If so, were they at what would be considered by experts as an accepted level of restoration or repair. This is particularly relevant if you read Paul Barry’s book “The Rise and Fall of Alan Bond”, published by Bantam Books.
Mr Barry reported that Mrs. Bond purchased antiques and often altered them to suit his personal taste, thus devaluing them on the world market when they came to be resold…
This most difficult area of all is CONSERVATION and RESTORATION
YOU really need someone with a great deal of expertise, an approved service provider to an antique dealers association, rather than someone who believes their own press releases and not held to acceptable professional standards.
Conservation means preserving something at a moment in time. In the case of something like textiles that often means just keeping that process going until it finally rots out. Everything does have a ‘life’.
In England some great houses have conserved eighteenth century textiles by encasing them in a specialised netting to hold the fibres together until they go to dust.
Then, and only then they will no doubt reproduce them.
This is what happened at the Chateau of Versailles outside Paris.
All of the textiles were looted or perished at the time of the French Revolution.
It took some 25 years for instance, to re-weave silk hangings now replaced on Marie Antoinette’s State bed in the state rooms. This suite of rooms was always for show and not really where the Queen slept.
Like the rest of her family, she had private rooms beyond the state apartments, where her bed was dressed with cotton.
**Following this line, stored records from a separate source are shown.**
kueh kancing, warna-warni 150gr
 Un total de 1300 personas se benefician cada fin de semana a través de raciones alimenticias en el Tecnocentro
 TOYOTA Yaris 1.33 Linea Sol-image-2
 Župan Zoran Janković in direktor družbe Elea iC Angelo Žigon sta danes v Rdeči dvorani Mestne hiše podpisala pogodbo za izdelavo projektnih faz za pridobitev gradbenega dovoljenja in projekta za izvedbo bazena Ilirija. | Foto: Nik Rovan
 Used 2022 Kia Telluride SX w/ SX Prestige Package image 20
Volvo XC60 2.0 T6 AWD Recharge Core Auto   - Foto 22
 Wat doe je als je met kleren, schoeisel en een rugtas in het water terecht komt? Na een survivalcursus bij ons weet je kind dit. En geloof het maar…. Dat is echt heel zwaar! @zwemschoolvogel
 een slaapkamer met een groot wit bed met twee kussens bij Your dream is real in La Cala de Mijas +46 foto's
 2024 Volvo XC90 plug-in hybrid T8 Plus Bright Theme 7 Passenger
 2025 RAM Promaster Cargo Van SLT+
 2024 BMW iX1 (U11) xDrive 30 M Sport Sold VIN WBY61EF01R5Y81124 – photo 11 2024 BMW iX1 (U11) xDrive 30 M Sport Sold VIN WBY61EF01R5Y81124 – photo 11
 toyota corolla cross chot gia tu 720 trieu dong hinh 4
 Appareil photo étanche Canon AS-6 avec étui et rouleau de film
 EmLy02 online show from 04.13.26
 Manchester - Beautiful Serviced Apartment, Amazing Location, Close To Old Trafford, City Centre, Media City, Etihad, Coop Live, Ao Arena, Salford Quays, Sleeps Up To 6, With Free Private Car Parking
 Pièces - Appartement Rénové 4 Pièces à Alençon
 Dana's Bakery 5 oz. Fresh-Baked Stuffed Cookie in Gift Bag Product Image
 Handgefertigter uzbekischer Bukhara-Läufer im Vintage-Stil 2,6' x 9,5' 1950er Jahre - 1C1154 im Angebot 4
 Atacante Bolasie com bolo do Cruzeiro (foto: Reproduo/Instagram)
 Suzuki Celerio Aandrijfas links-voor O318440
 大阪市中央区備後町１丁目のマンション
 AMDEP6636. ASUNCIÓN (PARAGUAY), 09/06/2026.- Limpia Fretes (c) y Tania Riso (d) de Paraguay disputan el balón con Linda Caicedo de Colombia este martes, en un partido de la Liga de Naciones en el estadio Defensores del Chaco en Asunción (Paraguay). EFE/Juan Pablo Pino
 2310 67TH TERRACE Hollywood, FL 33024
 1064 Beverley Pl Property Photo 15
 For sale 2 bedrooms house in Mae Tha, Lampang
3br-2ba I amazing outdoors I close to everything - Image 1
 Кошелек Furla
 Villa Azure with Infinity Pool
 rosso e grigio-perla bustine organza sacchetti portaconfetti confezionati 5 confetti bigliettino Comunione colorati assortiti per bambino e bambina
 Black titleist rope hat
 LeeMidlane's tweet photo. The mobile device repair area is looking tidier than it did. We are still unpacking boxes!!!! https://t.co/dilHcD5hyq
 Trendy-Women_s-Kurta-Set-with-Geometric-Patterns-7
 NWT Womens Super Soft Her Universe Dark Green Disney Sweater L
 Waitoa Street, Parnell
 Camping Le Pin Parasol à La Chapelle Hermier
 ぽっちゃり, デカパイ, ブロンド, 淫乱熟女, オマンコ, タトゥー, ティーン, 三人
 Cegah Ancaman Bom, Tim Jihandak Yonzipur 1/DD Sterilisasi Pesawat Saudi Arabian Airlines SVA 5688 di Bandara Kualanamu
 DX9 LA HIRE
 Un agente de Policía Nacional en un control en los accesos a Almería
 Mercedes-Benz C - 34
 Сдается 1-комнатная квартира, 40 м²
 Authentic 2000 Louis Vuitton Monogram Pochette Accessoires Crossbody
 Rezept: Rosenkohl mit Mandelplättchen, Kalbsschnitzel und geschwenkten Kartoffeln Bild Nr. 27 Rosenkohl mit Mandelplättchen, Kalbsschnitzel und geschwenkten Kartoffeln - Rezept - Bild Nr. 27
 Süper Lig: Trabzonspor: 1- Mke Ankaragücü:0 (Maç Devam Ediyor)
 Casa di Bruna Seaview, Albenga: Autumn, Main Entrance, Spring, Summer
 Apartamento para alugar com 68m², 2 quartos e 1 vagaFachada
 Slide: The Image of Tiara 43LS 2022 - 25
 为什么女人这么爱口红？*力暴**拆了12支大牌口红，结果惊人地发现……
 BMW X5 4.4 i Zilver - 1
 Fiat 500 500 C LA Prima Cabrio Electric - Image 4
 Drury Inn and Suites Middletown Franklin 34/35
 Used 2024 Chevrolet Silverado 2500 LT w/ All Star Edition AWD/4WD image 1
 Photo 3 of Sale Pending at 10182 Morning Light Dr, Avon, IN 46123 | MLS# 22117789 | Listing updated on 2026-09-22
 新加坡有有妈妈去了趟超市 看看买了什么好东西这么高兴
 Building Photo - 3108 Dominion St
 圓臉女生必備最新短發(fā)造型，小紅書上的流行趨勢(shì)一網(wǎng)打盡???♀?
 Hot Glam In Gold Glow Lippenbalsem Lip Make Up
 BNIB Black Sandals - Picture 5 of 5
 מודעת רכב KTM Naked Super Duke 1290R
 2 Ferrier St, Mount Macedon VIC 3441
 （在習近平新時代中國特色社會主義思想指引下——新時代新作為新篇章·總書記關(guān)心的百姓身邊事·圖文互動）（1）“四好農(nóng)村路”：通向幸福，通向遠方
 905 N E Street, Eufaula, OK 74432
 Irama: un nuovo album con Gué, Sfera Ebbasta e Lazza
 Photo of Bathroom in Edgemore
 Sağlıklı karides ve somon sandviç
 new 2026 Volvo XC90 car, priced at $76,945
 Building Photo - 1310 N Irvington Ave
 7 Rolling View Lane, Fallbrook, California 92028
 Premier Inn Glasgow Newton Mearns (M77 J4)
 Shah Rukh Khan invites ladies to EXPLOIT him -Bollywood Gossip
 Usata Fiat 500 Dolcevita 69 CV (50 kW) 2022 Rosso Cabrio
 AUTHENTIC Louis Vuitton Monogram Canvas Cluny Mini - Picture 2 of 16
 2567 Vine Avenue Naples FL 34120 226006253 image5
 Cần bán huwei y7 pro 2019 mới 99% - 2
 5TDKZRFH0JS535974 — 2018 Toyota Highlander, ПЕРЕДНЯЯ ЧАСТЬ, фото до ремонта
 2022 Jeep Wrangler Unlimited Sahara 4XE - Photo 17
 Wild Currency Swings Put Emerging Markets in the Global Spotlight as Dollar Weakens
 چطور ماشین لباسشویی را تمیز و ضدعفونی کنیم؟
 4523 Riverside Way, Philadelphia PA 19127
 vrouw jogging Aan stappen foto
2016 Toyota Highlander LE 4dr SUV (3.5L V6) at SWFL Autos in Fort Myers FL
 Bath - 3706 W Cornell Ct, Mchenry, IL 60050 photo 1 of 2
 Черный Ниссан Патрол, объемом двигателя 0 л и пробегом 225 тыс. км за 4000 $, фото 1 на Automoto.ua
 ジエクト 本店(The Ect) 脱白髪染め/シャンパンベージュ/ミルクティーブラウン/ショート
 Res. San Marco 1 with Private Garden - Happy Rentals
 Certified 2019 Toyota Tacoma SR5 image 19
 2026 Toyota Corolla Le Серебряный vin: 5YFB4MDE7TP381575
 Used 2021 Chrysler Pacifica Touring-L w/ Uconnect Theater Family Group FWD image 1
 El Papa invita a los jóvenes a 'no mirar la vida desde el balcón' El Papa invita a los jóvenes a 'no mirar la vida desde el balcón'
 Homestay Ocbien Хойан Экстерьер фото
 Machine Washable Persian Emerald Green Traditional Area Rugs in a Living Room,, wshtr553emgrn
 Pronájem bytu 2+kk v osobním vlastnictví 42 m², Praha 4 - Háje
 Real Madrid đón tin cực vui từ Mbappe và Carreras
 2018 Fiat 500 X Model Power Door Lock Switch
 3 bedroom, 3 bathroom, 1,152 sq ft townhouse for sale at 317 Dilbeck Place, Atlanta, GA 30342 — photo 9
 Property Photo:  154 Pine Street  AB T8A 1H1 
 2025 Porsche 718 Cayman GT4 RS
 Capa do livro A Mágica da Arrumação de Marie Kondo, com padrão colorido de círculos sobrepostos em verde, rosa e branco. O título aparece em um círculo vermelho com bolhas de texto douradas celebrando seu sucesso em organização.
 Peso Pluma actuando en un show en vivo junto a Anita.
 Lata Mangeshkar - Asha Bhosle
The Meridian cabinet was named for the Queen’s rest period during the middle of the day (Latin Meridies -midday).
The room octagonal in shape had a mirror lined alcove, the simple day bed hangings in her favourite colour blue, the silk hangings ordered for here from Lyon, not arriving in time
Marie-Antoinette always preferred simple materials such as cotton and muslin to silk, which was not practical, despite having to wear it for state occasions to confirm that the royal family were supporting the ‘silk industry’ of France.
To appease the silk workers from rioting Marie-Antoinette ordered silk hangings but the reality is she lost her head before they were delivered.
Restoration means bringing something back to original condition. What level of restoration is acceptable without the piece being de-valued is a most important concern, especially for collectors with an eye on investment values. In the end everything comes back to ‘CONDITION’.